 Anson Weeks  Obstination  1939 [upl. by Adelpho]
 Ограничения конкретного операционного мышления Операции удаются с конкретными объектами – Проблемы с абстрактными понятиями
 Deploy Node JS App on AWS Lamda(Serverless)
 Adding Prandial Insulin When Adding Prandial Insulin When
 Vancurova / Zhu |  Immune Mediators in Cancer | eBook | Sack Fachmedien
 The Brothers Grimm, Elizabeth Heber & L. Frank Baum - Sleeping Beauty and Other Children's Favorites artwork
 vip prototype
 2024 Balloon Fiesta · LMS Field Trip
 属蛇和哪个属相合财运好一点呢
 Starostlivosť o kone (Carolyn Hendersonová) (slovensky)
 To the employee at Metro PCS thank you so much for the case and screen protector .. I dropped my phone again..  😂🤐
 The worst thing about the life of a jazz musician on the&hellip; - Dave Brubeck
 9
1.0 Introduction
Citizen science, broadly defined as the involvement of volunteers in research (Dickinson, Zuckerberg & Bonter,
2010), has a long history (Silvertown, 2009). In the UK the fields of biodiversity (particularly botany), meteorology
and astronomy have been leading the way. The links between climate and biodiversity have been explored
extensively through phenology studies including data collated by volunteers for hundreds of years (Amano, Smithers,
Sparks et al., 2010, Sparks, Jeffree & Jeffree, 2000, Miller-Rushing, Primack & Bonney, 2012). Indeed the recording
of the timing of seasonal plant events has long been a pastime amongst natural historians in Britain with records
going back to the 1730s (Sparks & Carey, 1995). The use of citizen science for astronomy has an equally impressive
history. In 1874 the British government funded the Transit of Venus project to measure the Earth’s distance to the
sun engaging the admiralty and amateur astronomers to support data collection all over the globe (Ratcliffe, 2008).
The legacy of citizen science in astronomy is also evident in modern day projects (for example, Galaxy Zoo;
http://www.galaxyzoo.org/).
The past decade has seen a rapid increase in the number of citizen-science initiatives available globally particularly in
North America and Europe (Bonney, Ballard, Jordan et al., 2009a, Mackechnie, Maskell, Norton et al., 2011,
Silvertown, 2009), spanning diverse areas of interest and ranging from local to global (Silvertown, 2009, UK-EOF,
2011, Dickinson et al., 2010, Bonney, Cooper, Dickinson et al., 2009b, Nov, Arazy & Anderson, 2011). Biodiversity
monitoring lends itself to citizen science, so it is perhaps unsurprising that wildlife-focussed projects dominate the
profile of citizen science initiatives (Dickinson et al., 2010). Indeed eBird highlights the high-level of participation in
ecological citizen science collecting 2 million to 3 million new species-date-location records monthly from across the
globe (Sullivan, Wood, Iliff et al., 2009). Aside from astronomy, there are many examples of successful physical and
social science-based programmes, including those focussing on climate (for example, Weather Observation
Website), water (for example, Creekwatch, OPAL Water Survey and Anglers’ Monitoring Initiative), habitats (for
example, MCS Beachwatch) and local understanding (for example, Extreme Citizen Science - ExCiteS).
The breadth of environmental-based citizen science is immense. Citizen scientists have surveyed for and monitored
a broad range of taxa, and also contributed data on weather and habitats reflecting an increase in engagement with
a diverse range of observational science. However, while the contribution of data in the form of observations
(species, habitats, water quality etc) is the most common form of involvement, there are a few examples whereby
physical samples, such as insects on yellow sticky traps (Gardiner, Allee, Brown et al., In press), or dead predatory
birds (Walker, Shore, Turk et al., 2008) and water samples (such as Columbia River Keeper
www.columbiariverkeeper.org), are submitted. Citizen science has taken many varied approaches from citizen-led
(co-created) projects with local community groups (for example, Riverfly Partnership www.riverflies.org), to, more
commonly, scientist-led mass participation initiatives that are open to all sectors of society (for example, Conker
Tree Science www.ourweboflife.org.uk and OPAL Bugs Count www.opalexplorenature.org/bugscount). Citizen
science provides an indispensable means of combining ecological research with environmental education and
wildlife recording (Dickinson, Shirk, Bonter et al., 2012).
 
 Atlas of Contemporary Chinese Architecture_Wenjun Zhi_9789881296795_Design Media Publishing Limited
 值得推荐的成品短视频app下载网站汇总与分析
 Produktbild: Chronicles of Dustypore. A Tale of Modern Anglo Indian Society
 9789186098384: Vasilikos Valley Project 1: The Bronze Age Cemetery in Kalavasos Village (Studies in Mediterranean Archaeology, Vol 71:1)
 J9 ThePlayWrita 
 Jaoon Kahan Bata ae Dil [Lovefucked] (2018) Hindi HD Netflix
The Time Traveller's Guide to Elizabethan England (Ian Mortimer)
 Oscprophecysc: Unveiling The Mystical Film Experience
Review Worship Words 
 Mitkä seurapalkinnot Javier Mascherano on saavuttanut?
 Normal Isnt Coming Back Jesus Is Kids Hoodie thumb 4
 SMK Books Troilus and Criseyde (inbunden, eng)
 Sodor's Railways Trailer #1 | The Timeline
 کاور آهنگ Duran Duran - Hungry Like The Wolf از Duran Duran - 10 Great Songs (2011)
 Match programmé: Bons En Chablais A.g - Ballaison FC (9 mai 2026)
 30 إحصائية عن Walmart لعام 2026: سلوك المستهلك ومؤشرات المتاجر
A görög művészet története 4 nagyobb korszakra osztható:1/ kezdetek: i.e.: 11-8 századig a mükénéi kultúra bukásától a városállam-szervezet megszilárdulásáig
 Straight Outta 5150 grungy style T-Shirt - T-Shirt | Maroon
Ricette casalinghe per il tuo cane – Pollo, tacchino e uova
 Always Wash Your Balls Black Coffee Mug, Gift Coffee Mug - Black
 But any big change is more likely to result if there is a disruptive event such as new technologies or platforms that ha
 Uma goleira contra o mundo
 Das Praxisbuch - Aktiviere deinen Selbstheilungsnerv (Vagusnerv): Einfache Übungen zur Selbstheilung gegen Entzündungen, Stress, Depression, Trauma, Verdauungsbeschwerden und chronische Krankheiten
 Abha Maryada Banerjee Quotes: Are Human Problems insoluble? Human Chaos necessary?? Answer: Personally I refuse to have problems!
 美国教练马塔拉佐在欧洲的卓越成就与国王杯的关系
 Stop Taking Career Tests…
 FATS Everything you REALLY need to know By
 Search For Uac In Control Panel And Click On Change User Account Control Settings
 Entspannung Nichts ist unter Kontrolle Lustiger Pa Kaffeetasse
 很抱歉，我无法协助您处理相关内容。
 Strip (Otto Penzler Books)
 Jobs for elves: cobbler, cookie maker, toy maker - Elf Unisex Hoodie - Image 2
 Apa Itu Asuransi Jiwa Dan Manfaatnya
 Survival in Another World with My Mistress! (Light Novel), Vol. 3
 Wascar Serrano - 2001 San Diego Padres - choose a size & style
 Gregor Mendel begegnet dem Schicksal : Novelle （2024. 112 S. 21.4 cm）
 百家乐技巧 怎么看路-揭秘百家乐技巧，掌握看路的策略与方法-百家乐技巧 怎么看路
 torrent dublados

* [Work item]:
Within the material above, the line with "2010), has a" opens the range and the line with "and astronomy have" closes it; reproduce that range word for word.

* [Expected answer]:
2010), has a long history (Silvertown, 2009). In the UK the fields of biodiversity (particularly botany), meteorology
and astronomy have been leading the way. The links between climate and biodiversity have been explored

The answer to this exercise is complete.